### What you will do
From the line that contains "Illuminated-fairy-puppet-show-intricate-glowing-puppets" to the final line below, both included, print each line exactly and skip the pictures.

### Provided data
:::::

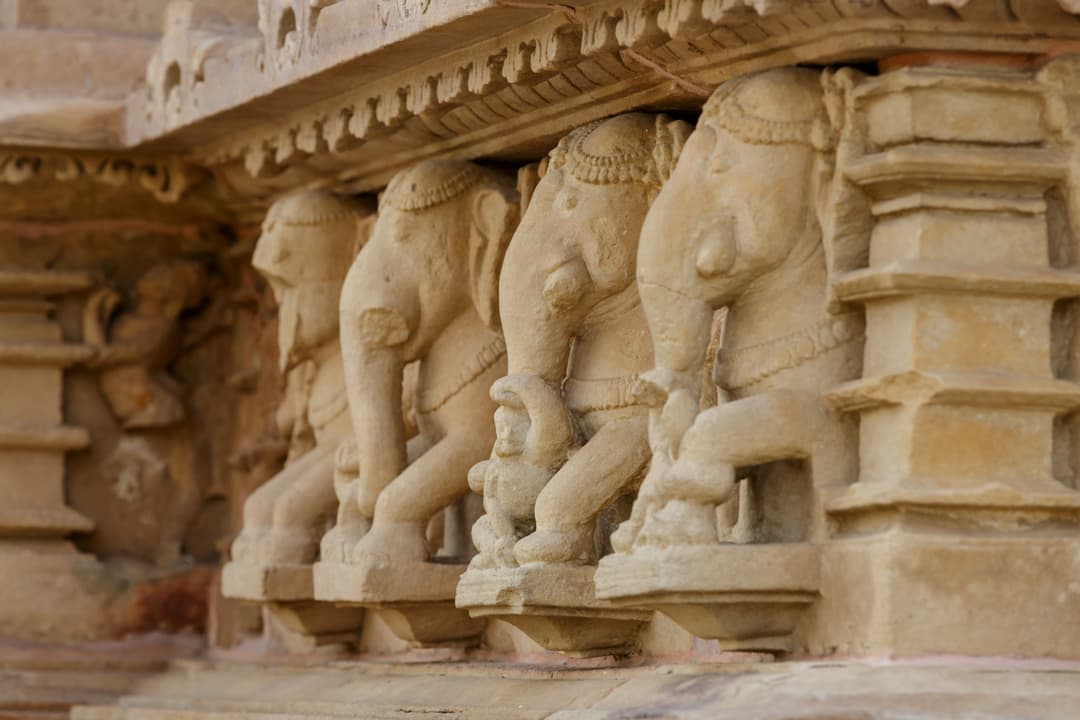 Carved elephant frieze on temple exterior plinth, Khajuraho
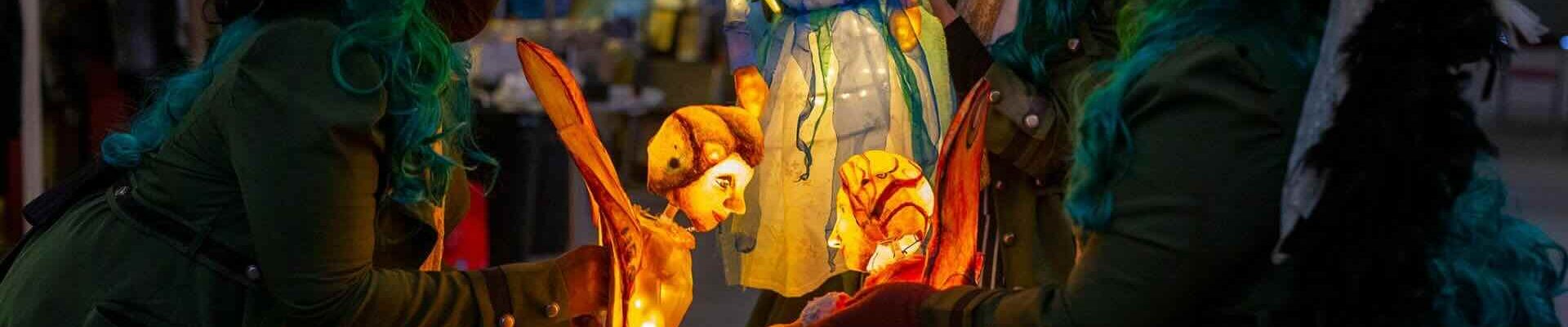 Illuminated-fairy-puppet-show-intricate-glowing-puppets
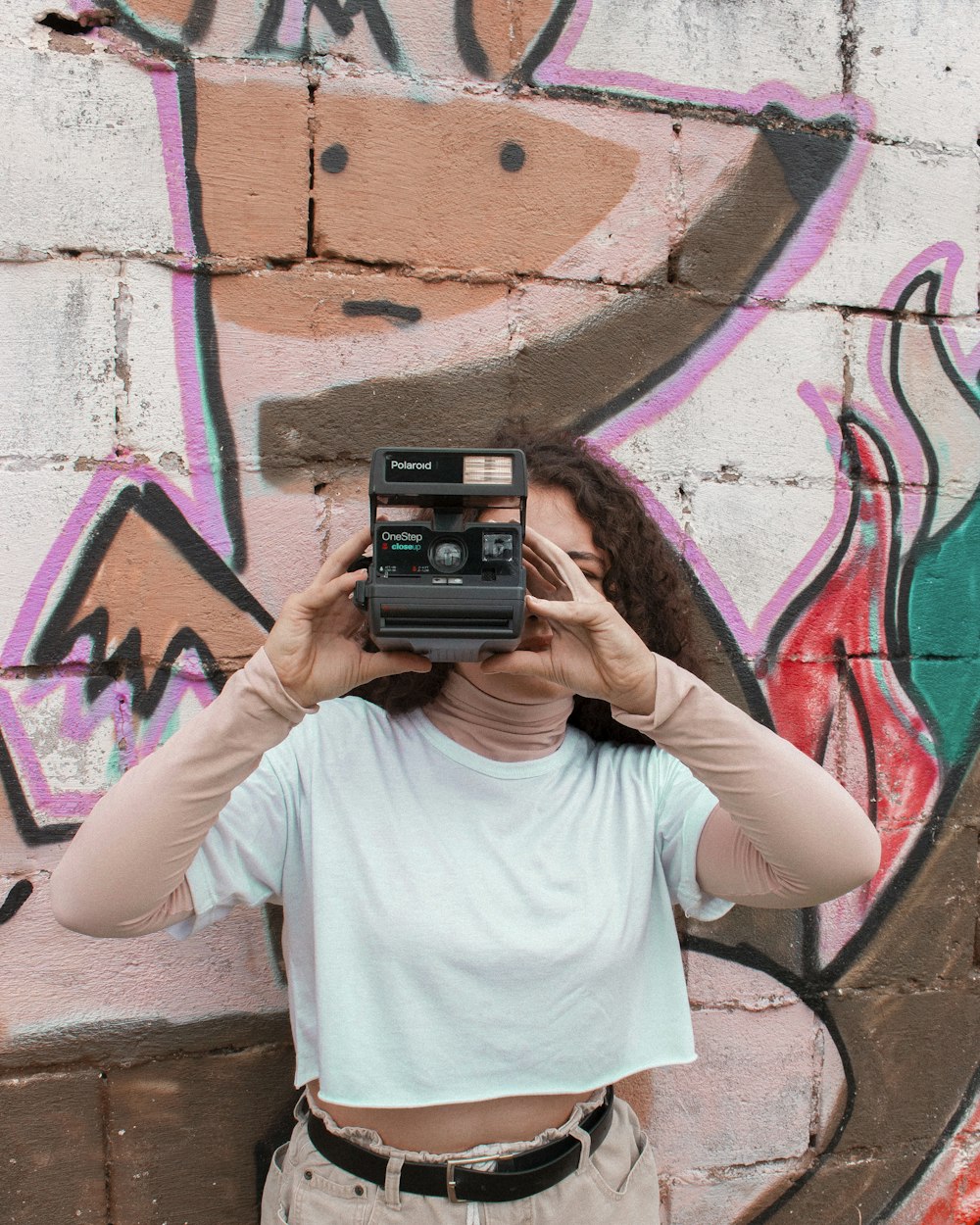 Femme en T-shirt blanc à col rond tenant un appareil photo noir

:::::

### Reply to the exercise
 Illuminated-fairy-puppet-show-intricate-glowing-puppets
 Femme en T-shirt blanc à col rond tenant un appareil photo noir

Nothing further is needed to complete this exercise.